(Dataset records)
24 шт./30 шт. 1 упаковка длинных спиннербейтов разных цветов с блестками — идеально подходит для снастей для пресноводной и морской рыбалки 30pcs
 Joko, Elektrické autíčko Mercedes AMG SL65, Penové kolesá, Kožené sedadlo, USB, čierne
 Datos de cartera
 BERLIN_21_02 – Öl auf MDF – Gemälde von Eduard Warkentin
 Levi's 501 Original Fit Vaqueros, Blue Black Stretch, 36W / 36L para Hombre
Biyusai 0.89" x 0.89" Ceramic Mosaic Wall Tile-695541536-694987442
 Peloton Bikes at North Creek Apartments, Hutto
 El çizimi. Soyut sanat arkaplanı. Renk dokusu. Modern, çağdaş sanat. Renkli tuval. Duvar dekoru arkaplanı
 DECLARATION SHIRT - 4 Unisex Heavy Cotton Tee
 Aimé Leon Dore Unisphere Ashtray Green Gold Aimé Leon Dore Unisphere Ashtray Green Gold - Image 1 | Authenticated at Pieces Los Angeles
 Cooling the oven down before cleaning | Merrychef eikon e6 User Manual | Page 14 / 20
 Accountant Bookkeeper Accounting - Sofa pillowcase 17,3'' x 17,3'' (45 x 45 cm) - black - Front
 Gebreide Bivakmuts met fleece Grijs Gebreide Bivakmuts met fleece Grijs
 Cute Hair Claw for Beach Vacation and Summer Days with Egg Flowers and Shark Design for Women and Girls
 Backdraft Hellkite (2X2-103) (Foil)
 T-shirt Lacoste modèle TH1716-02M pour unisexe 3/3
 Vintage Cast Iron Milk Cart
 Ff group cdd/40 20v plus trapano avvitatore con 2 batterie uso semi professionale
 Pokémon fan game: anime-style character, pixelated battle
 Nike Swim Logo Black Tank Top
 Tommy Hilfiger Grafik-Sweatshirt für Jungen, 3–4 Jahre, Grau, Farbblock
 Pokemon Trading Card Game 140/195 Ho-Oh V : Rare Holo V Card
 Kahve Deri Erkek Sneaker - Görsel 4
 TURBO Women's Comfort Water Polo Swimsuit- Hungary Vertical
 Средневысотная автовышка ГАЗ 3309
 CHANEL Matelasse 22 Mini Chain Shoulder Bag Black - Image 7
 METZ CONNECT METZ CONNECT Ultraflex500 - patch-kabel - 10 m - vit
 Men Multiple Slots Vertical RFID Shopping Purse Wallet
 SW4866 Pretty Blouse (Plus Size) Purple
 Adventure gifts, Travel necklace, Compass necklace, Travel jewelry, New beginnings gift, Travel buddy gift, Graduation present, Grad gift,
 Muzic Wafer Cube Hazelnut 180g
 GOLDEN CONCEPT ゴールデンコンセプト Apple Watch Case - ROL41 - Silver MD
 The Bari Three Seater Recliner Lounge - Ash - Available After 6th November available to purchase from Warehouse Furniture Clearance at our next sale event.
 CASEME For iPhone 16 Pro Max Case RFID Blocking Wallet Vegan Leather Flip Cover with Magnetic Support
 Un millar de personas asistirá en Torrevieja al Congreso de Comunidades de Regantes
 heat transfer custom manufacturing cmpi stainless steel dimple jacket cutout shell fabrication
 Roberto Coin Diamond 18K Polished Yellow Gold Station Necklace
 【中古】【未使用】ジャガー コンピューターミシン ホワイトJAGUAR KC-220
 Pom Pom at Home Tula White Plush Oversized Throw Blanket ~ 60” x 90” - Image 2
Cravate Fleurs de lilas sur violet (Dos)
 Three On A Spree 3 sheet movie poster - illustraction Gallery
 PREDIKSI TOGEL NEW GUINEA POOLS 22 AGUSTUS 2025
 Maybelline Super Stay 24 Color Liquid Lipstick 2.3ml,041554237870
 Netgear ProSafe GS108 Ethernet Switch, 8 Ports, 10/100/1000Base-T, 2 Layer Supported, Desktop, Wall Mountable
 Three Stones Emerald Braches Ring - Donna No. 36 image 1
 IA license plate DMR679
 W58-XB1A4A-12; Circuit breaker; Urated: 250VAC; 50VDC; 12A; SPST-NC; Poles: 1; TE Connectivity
(End Dataset records)
Task brief: Only the lines above that hold "with" are wanted. Show every one of them.

Output:
 Cute Hair Claw for Beach Vacation and Summer Days with Egg Flowers and Shark Design for Women and Girls
 CASEME For iPhone 16 Pro Max Case RFID Blocking Wallet Vegan Leather Flip Cover with Magnetic Support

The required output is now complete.